Eva Lemay’s painting practice begins not with observation, but with sensation. She works from what she feels more than what she sees—letting color, gesture, and rhythm guide her into each piece. Her relationship to the landscape isn’t just visual; it’s physical, emotional, and almost ritualistic. Raised with a deep attachment to the natural world, Lemay paints to keep that connection alive. Each canvas becomes a fragment of time and place, not documented but remembered in movement, breath, and light. She works in oils, letting the material remain fluid—blending greens, blues, yellows in ways that mirror the organic world itself. Her brush doesn’t aim to fix or replicate, but to evoke—slowness, fragility, presence. For Lemay, painting is a form of listening. A way to stay in touch with what still surrounds us, even as it shifts or disappears.

Lemay’s landscapes move. They shimmer, breathe, drift—and yet they feel suspended in time. In her seascape, the edge between water and sky almost disappears. There’s a haze where the sea meets the air, a softened horizon where small sailboats drift, ghostlike, beneath a heavy cloud bank. Off to the right, a single dark ship holds its position, anchoring the scene just as it begins to dissolve. The palette—turquoise, white, and cool blue—stays quiet, giving the scene a sense of calm. But there’s movement too. Lemay’s strokes are loose and layered. Light flickers across the water, and in that flicker, the viewer catches a breath of something—maybe time passing, maybe memory returning.

Another work dives below the surface. This one reads like a pond seen from above, its depths stirred by wind or life beneath. The palette shifts: deep greens, aquas, and hints of yellow swirl in layered transparencies. Lemay gives no clear outlines of lily pads or fish—just impressions. Shapes emerge and submerge. A streak of yellow might be light, or a blade of grass, or a ripple. That’s the thing about Lemay’s abstraction—it holds the trace of things, but never locks them in. Her compositions aren’t puzzles to solve; they’re invitations to linger.

A third canvas moves inland—toward fields and trees. A tall bare tree stands at the left, rooted in a grassy verge. Behind it, green fields roll away in layers of blue and chartreuse. At the edge of a narrow stream, a human figure appears. The body is barely sketched—transparent, dreamlike—but it stands with arms open, as if in greeting, or surrender. The landscape here isn’t dramatic. It’s quiet. But it holds a tension—a pull between solitude and connection. Lemay’s use of scale and openness creates space for reflection. There’s always a sense of room in her work. Room to enter. Room to feel.
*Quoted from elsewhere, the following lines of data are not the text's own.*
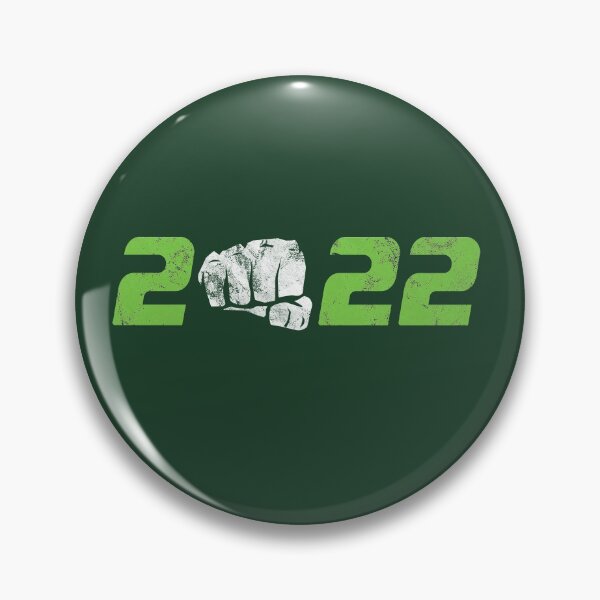 Item preview, Inday Sara Duterte all 2022 designed and sold by rafaeltto.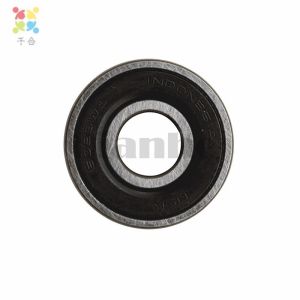 Air Suspension Compressor (pump) Repair Kits Piston Connecting Rod Bearing For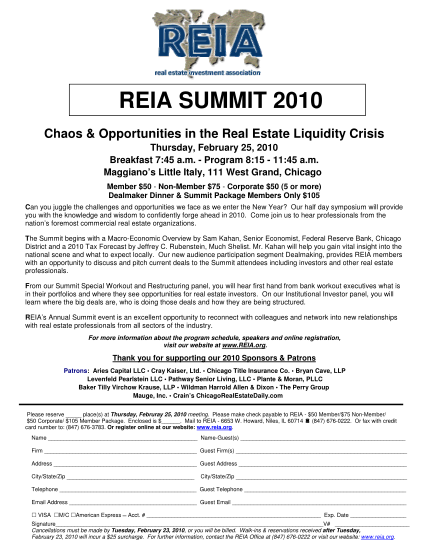 294786379-chaos-opportunities-in-the-real-estate-liquidity-crisis-reia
Across all her paintings, Lemay returns to certain themes: the trace, the threshold, the tension between permanence and disappearance. Trees, rivers, cliffs, skies—these are not just scenery, but recurring presences in her work. They are familiar but never fixed. Instead, they shift with each canvas, becoming more or less abstract, depending on what the painting seems to ask for.
There is an ecological undercurrent in Lemay’s art, but it’s not didactic. She doesn’t paint to make statements. She paints to rekindle intimacy with the land, with light, with natural cycles that are easy to overlook. “To paint,” she writes, “is to pay attention. To slow down.” That ethic of attention comes through in the way her brush holds the edge of a shadow or the blur of a shoreline. These are not hurried works. They are quiet, deliberate acts of care.
What stands out is her refusal to separate the emotional from the environmental. Her paintings are rooted in place, but also in feeling. They carry a sense of mourning for what’s vanishing—coasts, trees, ecosystems—but also a deep gratitude for what still remains. Her art doesn’t shout. It listens. It leans in.
Eva Lemay’s landscapes remind us that the world doesn’t need to be spectacular to be worthy of reverence. A pond, a tree, a patch of light on the water—these can be enough. Through her painting, she asks us to see again. And not just to see, but to feel.